Gloomhaven - Tactical Combat in a persistent world!

Why the dice? Is that to track health?

Yeah, we used dice to track health and XP, pretty convenient solution, especially when a boss with 33 health shows up.

Also, I love my new character so much. A quasi spoiler for him:

Note how many model boxes there are for that character.

Rules refereeing time!

The situation: the party has just cleared out and killed an entire room of fairly easy monsters. four or five loot tokens litter the floor where the baddies fell. There is a door leading out of the room that remains closed.

I am playing solo with 3 characters, and very cooperatively, so I’m not overly worried over which character loots the various coin tokens.

On the other hand, I also know I will likely be fighting again in the next room. I have a Spellweaver who has exhausted one of her cards, but also has a Recover all cards play in her hand.

In gameplay structure, we can declare rounds and go ahead and perform long rests, heal, and replenish cards while looting the room. There are no scenario restrictions in this case for the number of rounds to win. No one has a battle goal for rounds or cards in hand.

The conditions to end the scenario have not been met, either, in that combat to clear this room. I understand that when the scenario’s conditions are met, the scenario ends and any/all unlooted gold is unlooted.

But in this case, for speed and convenience, is there anything that prohibits us from just scooping the tokens into loot, going to full HP, refreshing all discards back into everyone’s hands, and even recovering “lost” cards if another card action in-hand allows it without playing out the multiple rounds?

Resting always costs you a card and time always passes, which burns more cards.

I mean it’s your game, but (RAW) spending time picking up loot can easily cost you A LOT of cards, since you MUST burn 2 cards a round even if you don’t do anything with them. Long Rests cause cards to be LOST so chain long-resting means you’re rapidly losing cards that you can’t ever get back.

Edit: Basically there is no option to “do nothing”. You always must play 2 cards or take a long rest. And all rests burn a card.

You’re right. I keep thinking it’s short rest that only burns a card. Thanks!

Ah, yeah. Long Rest lets you pick the card is all. And resets any items that can refresh. Otherwise they’re basically the same thing except that Short Rests are “free” at the end of any round.

This game is great. Completed the second scenario successfully today. I didn’t think I would, after my mind thief pulled two curses in her first 3 attacks, but I was able to use my Cragheart really effectively in the second room. He dropped a couple of barriers that essentially created a single lane of access to my party, so once I killed an Archer things were pretty smooth sailing.

The complete redemption for my Mindthief came after I loaded up an attack on the boss (+2 augment, +1 poison, +1 status, +2 normal attack) then rolled my x2 modifier, which allowed me to kill the boss before he.opened his third room.

I still feel pretty poor, but I’m excited to see the map opening up.
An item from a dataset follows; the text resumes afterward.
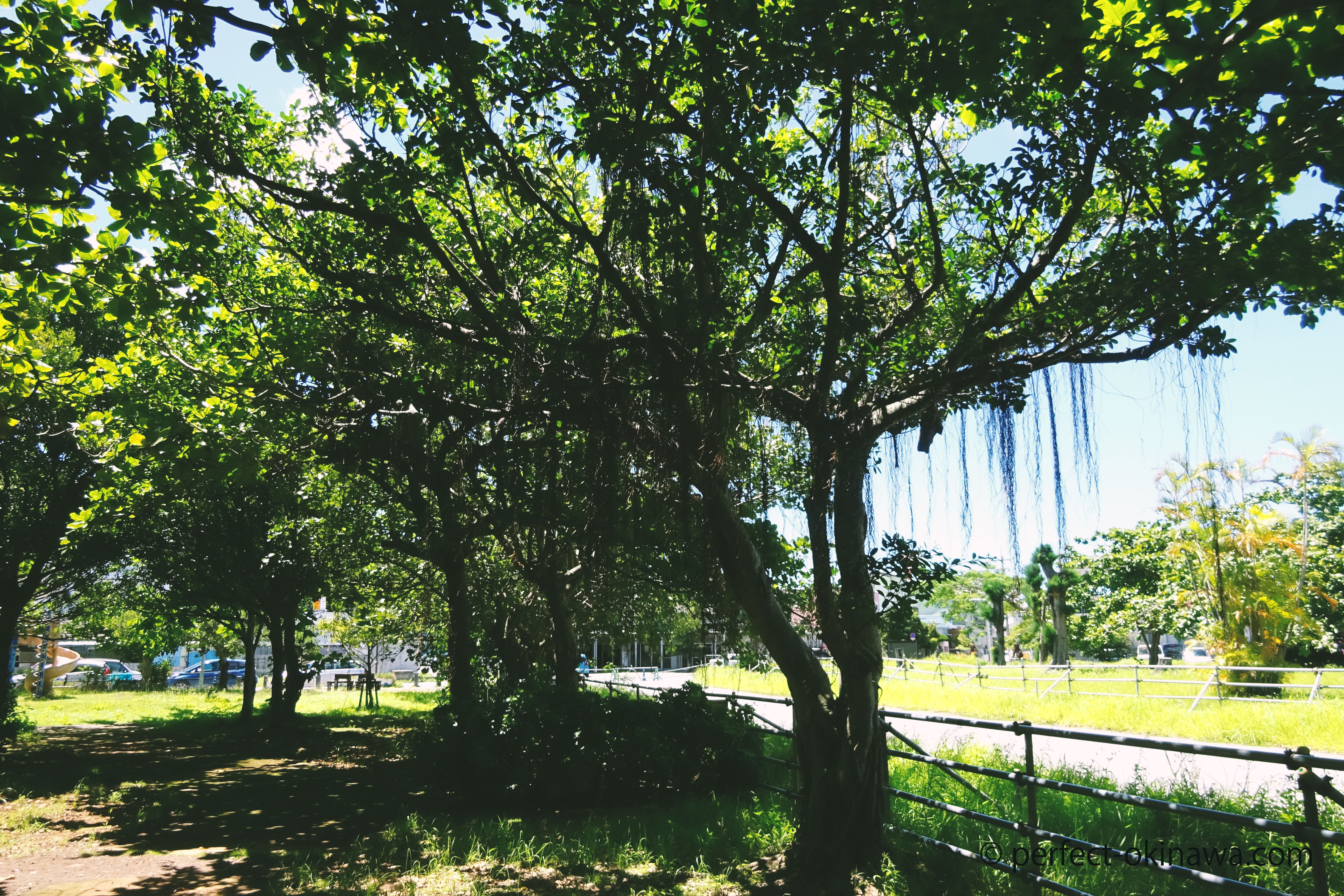 谷茶公園 本部町の公園 駐車場 バスケットコートあり Perfect Okinawa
Also getting a real good feeling for my characters.

I know @ShivaX knows this, but for the sake of completeness long rests also heal you 2 hit points.
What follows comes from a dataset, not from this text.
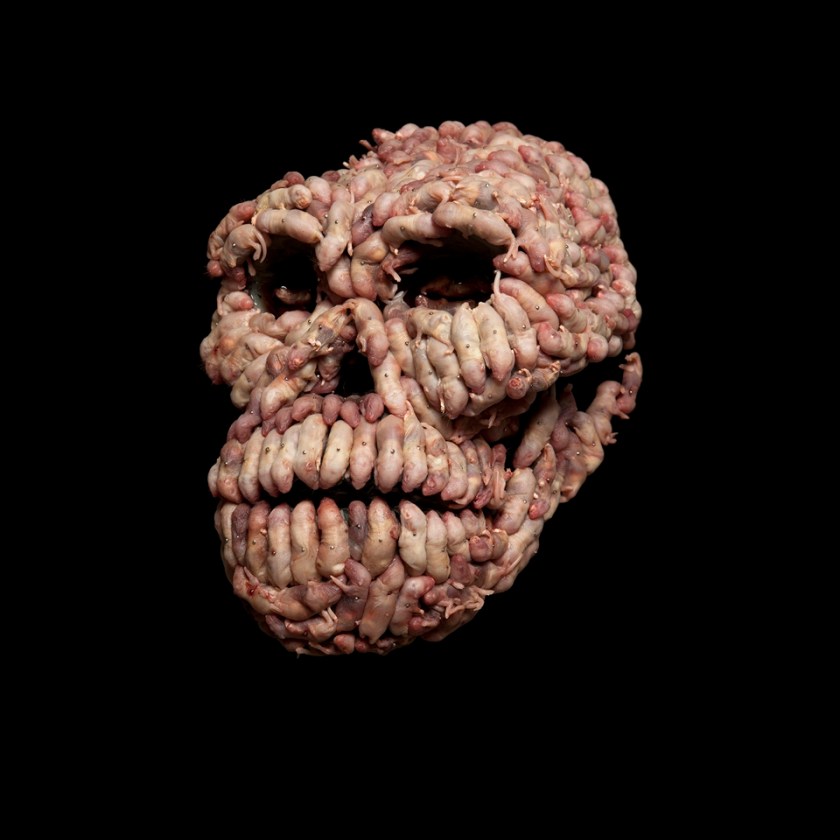 Klaus Enrique, Dmanisi Skull, 2014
Also, having played quite a bit, I will say while tokens are nice to have, they aren’t a big source of gold usually. 6-12 gold a mission (if they are worth 3 like they have been for us for some time) really doesn’t add up too much compared to getting a chest with 15gp or completing a scenario worth 20gp. It all adds up, but don’t throw a scenario trying to collect tokens. They should be grabbed only if doing so is already on the way, or stepping on a tile with a token is the same tactically as going to one without a tile, imo.
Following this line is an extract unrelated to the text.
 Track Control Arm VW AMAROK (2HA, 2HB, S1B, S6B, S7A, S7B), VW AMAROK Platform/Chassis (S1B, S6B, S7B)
And don’t forget that when you short rest, you can discard a different card than the card you drew if you take a point of damage. That’s the key to playing the spellweaver.

-Tom

Tom, can you elaborate on why its key to the spellweaver, as compared to the others?

Presumably so you don’t randomly lose the single card that recovers all the others.

Ah, yes. I get it.

Tom, I thought you didn’t like this game! :)

I have THE WORST battle goal for this scenario.

I just spoke with Daedalus. They are probably a few weeks out front m getting me my organizer so I started punching tokens out and putting em in plastic bags. It’s a mess :)

How do I know which character boxes are safe to open?

I haven’t played enough to form a decisive opinion one way or another. I’ve barely scratched the surface of the legacy stuff, which is presumably its strong point. But so far, I don’t like the combat system at all. Exhaustion is a horrible foundation for a game design, and especially a supposed power fantasy game about wizards and elfs and paladins and whatnot.

-Tom

You can play permadeath instead!

Except it’s really none of those things. I guess there are wizards, but that’s about it.

And exhaustion works really, really well. You get powerful abilities, but using them drains you so you’re more inclined to conserve them for the right moment.

Yeah, I love a game where I lose because my mighty warrior is too winded to walk down a hallway. More fantasy games need to model the perils of emphysema. That works really, really well!

-Tom

I am putting together the miniatures for Kingdom Death: Monster as we speak.